What you will do:
Lines from the one containing "Booties - Picture 3 of 3" through the last line of the data are to be repeated word for word, both ends included.

Material for the task:
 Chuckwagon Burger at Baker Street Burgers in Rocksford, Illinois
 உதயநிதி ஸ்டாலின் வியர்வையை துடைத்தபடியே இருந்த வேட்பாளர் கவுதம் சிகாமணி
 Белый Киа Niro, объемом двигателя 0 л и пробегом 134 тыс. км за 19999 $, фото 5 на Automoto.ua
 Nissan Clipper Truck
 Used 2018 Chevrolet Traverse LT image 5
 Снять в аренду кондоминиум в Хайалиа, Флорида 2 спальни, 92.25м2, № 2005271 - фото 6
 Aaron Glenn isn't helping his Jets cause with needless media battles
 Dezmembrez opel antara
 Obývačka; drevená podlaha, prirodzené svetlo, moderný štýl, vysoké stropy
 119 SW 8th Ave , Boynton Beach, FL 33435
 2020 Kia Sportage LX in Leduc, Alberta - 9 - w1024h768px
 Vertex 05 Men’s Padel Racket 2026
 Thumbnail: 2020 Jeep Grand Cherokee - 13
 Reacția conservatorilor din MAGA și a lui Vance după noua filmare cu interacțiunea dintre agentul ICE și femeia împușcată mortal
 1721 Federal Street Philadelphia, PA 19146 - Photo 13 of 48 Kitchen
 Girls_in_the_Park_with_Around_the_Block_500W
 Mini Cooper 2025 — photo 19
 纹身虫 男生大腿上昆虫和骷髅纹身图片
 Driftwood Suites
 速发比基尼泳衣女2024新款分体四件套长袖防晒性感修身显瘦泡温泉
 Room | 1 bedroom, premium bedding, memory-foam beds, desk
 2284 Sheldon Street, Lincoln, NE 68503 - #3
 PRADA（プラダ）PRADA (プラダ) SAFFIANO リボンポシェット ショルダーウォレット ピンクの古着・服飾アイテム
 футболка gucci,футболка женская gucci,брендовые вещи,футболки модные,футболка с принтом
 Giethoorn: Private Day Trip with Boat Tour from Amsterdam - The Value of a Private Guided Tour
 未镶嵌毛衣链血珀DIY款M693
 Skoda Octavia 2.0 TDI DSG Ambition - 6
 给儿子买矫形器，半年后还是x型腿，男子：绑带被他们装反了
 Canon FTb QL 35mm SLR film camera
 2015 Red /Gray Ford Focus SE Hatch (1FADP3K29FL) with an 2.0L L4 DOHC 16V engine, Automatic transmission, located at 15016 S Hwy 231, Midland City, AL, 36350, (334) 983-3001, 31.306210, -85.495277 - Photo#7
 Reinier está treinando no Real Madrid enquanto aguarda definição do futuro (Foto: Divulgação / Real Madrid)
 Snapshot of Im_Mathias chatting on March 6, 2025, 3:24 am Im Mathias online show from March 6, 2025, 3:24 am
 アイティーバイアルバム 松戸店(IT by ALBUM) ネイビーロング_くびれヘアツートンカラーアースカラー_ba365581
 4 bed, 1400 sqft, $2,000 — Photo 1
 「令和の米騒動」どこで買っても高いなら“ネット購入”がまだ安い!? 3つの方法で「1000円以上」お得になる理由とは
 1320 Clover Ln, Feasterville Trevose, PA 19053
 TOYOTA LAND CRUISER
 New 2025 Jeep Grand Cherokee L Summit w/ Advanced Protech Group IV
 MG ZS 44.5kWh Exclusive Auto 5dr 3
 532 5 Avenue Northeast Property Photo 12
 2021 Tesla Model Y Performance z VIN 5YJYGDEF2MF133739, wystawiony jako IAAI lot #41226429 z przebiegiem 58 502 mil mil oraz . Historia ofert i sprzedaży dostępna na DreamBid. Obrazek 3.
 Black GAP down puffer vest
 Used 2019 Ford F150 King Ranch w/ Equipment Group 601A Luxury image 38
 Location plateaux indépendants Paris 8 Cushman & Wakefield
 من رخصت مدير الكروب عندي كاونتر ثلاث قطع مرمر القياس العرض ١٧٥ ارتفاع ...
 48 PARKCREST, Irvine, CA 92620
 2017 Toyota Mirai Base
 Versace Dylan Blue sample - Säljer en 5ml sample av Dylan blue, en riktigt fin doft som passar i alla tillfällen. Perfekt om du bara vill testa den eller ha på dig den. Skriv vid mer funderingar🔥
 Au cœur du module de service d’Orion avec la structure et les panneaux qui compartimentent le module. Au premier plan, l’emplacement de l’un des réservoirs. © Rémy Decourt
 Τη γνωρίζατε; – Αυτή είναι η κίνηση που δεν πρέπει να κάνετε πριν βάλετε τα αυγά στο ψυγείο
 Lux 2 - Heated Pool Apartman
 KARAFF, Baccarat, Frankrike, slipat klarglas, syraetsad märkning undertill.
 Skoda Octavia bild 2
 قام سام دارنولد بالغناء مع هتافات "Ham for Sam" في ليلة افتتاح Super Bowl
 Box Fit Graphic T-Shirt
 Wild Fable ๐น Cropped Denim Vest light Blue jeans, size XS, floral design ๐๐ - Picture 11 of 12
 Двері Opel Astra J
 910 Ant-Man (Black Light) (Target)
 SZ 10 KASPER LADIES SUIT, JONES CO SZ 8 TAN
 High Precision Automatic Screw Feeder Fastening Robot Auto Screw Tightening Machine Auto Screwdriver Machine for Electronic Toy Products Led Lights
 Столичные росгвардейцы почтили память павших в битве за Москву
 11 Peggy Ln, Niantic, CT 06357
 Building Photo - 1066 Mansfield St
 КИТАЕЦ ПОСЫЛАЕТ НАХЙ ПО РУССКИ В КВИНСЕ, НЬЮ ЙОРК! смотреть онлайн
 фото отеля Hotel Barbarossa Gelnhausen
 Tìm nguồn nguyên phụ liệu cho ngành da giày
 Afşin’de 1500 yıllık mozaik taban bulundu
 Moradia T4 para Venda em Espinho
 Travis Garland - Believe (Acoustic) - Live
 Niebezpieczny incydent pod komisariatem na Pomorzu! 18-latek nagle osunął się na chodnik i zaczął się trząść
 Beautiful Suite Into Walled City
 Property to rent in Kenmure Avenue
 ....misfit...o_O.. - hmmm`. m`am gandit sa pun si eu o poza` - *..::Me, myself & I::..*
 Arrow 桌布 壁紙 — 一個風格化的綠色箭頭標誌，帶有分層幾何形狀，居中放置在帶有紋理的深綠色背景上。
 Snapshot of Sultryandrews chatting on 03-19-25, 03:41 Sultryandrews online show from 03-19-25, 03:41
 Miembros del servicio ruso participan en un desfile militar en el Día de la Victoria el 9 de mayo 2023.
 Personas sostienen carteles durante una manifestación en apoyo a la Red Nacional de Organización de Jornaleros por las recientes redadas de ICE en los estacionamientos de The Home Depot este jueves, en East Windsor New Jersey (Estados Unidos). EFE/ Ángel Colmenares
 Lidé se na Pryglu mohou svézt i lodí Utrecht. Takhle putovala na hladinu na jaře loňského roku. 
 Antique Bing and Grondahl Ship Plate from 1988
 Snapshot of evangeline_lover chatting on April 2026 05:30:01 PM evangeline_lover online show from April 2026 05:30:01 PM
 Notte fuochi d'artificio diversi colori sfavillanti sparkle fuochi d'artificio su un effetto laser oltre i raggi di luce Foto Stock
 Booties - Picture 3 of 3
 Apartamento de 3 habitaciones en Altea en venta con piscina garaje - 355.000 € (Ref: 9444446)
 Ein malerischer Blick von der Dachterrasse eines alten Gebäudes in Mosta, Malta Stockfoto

Response below:
 Booties - Picture 3 of 3
 Apartamento de 3 habitaciones en Altea en venta con piscina garaje - 355.000 € (Ref: 9444446)
 Ein malerischer Blick von der Dachterrasse eines alten Gebäudes in Mosta, Malta Stockfoto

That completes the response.